If we use definitions that are not based on volume but on speed of analysis or variety of data types, again, Google Analytics checks a lot of the boxes. We can look at how users are interacting with our site in real-time, and with advanced configuration, we can tie the length of time that a user watched a video to the traffic source or specific marketing channel that brought them to the site, and even see how visitors have arrived at our site on their multiple visits across a two-week research period that led to a sale or enquiry.



If your site is amongst the bulk of the sites on the internet that use Google Analytics, you are tapping into one of the single largest data sources in the world. And, if you're logging tens of millions of pageviews each month, you are conducting analysis on an immense volume of data. But this is not what you see when you use the tool. Rather, you see concise charts, dashboards and overviews produced quickly through use of data sampling. Standard reports render billions of records in a way that is understandable and most importantly, meaningful and actionable, for non-technical marketing professionals. For those with advanced knowledge of Google Analytics, custom reports enables detailed analysis of these billions of records which is presented in the same highly legible, visual formats. Google Analytics quietly does what so many people cite as the goal of big data analysis, it makes big data small, manageable and legible.

But I Love Unmanageable Data! How to Make it Big Again

For those of us who are suckers for punishment, or who genuinely find themselves wanting to conduct analysis on Google Analytics data that is not possible with standard or custom reports, the possibility of dealing directly with unsampled data has recently arrived. Google Analytics Premium supports a greater number of custom variables and opens up the opportunity for much richer web analytics data. Where the standard version supports report exports with up to 50 thousand records, the premium version supports up to two million. If you're routinely exporting reports of this size, you'll quickly be moving into the realms of the unmanageable – or at least into the realms of needing a database server of considerable capacity to handle your analysis. That might be an SQL server, or you might join (data geeks will have to mind the pun!) the ranks of Google and Twitter in storing your records in a NOSQL database like MongoDB or Google's own Big Query.

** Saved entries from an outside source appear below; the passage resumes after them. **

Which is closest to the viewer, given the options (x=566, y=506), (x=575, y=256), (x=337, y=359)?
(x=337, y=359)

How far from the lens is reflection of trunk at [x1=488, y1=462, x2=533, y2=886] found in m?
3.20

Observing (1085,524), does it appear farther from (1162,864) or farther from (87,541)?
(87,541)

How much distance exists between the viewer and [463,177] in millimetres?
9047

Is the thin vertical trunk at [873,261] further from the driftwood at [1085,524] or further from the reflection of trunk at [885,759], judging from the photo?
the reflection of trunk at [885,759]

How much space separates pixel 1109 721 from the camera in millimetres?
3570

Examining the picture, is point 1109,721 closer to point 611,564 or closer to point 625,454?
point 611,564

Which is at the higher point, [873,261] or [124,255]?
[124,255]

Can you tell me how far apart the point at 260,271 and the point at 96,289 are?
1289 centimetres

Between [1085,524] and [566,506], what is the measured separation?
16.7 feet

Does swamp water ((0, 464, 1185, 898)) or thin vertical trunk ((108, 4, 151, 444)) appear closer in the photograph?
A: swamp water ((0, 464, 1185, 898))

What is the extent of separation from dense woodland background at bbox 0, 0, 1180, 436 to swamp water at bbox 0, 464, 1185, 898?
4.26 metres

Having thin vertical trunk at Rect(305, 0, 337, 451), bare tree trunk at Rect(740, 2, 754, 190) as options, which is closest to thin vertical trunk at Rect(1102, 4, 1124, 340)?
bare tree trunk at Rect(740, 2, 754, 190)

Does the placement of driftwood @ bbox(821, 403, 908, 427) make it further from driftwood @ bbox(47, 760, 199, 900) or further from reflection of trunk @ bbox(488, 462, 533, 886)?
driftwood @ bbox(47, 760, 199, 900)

You might want to download your raw unsampled data for applications that are not possible with standard or custom reports such as:

  • Quickly producing highly-specific reports such as "non-landing pages ordered by pageviews", which are not available in the standard GA interface;
  • Analysing the location and online behaviour of visitors who purchased specific combinations of products;
  • Finally doing all those things you wanted to do every time that you were reminded that the 'customise' button isn't available for the 'social sources' report;
  • Or aggregating and segmenting data from multiple Google Analytics profiles – maybe to group your brands, or define a broad product area – and then analysing that data in whatever way you see fit.

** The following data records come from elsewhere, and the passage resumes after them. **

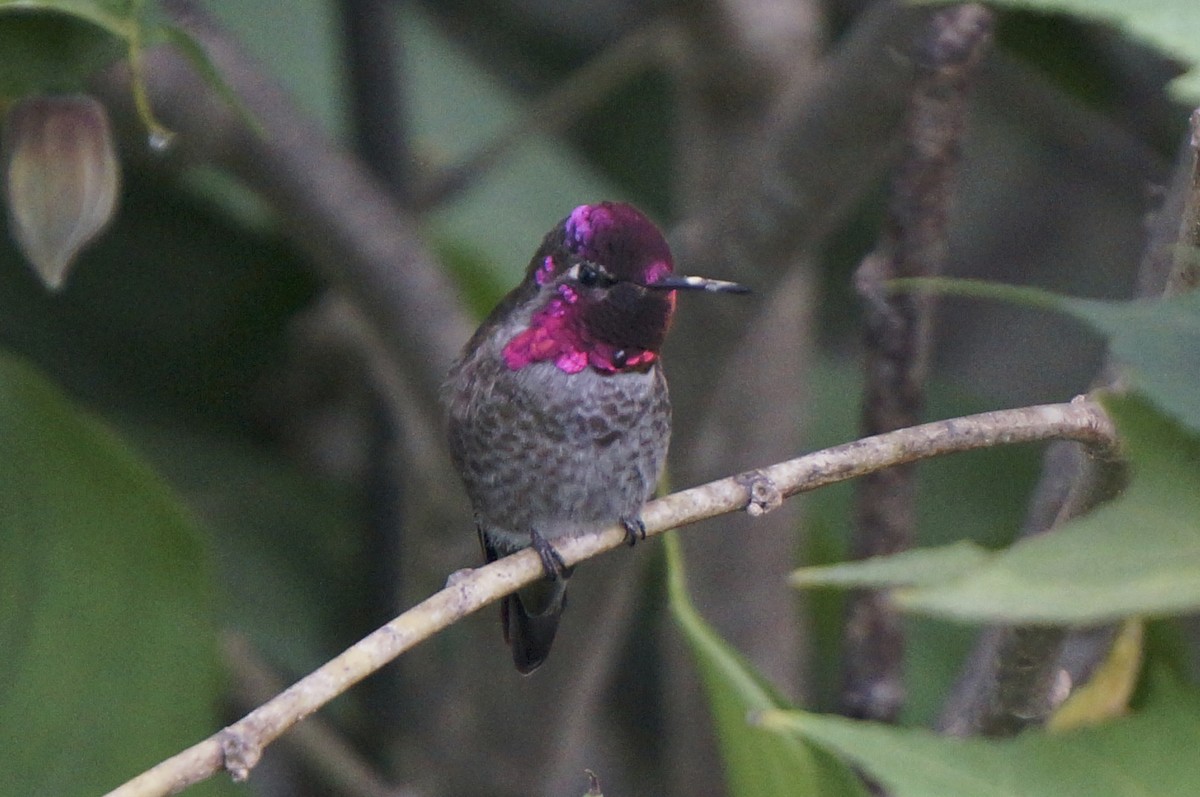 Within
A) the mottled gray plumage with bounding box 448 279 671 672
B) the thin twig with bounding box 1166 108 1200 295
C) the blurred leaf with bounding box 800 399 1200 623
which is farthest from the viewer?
the mottled gray plumage with bounding box 448 279 671 672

Once you extract and store data in this way, analysis is unrestricted, limited only by your technical ability (ok, maybe budget and infrastructure too). However, you then lose the simplicity of Google Analytics in making the data manageable. While you’ll now be able to produce that report that links social traffic to search marketing, you'll need to build your own analytical tools, write your own queries and develop your own visualisations, or invest in visual analytics tools like Tableau. All of this to go through that process that seems so easy with the Google Analytics interface. That is, making sense of messy data, reducing millions or even billions of records into manageable, concise analysis and making your big data small again.